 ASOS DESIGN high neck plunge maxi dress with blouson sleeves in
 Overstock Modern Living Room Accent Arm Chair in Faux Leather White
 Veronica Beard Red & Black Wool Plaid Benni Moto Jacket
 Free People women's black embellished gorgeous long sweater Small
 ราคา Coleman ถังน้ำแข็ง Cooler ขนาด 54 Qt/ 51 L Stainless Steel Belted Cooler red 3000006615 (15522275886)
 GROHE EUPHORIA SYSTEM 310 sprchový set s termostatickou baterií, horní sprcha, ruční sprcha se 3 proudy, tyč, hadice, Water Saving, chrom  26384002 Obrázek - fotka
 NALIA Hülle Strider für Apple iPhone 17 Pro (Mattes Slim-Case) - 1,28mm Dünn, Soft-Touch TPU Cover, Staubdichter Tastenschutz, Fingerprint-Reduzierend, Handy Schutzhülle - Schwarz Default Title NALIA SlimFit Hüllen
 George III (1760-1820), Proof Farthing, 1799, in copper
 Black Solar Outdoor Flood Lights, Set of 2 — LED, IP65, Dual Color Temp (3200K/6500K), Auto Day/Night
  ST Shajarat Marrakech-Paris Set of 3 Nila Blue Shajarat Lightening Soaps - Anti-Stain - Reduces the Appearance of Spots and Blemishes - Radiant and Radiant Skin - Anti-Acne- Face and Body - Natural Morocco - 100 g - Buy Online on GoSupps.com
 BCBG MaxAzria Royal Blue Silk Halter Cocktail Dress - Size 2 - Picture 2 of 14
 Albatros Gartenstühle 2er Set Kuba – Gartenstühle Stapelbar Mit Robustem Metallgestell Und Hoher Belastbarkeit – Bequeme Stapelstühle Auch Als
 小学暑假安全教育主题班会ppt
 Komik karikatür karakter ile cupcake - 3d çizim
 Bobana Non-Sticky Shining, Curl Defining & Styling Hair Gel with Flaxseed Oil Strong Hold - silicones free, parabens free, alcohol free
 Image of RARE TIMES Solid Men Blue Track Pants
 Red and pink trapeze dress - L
━━━━━━━━━━━━━━━━
[Goal of the exercise]
Report each line of the entries where the word "with" occurs.

[Output of the task]
 ASOS DESIGN high neck plunge maxi dress with blouson sleeves in
 Bobana Non-Sticky Shining, Curl Defining & Styling Hair Gel with Flaxseed Oil Strong Hold - silicones free, parabens free, alcohol free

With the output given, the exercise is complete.